The Future of International Antitrust Cooperation and the Challenges We Face
I am glad to note that the international antitrust cooperation that we have seen in recent years seems destined to continue and flourish -- a trend that I encourage.
Although we should see increasing convergence, I do not believe a single set of global antitrust rules will (or should) emerge.
Technological development is likely to have a profound effect on many facets of our lives and on the economic problems we face in coming years. Despite these changes, however, I expect the underlying antitrust principles and concepts that we apply to retain their vitality and to remain a sound basis for policy development.
As they always have, business models will evolve -- sometimes quite rapidly -- in response to technological shifts, as businesses try to remain efficient, profitable, and responsive to consumer preferences. As antitrust enforcers, we will confront the challenge of applying time-tested competition principles to this world of rapidly changing business models -- and of reaching wise enforcement decisions quickly and efficiently. Our primary objective should be to maintain the competitive vigor of markets while not impeding that vigor through our own actions. I am confident that we will be up to the task.

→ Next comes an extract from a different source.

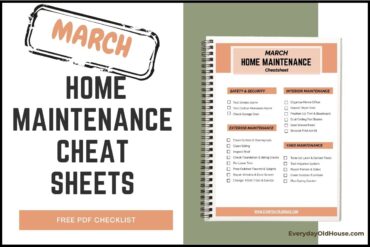 announcement of March Home Maintenance Cheat Sheets for homeowners - free pdf one-page printable checklist
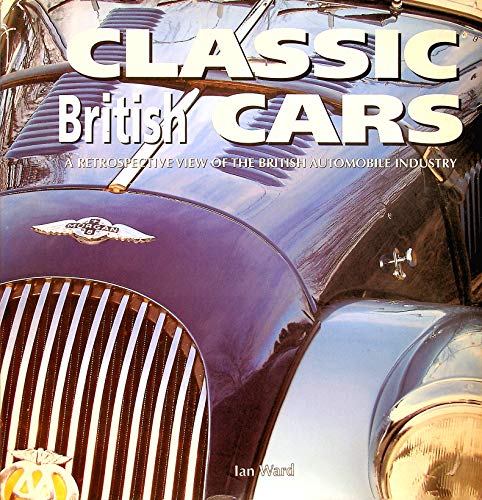 Beispielbild fr Classic British Cars zum Verkauf von WorldofBooks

1. These are background notes for Commissioner Swindle's panel presentation, which did not include all of the topics covered by the notes.
On 6 April 2001, Commissioner Swindle delivered similar remarks -- on "Competition Policy and the Transatlantic Agenda" -- at a conference on "Playing Monopoly in the New Economy: Do We Need to Adjust Competition Policy Rules to New Realities?," sponsored by the United States Consulate, Amerika Haus Frankfurt, Frankfurt am Main, Germany.
2. The former head of Germany's Federal Cartel Office, Wolfgang Kartte, made a similar reference about ten years ago to refer to the then-new form of collaboration called the "strategic alliance" -- "alte Hüte mit neuem Etikett."
3. This was the first bilateral antitrust cooperation agreement between the U.S. and another nation.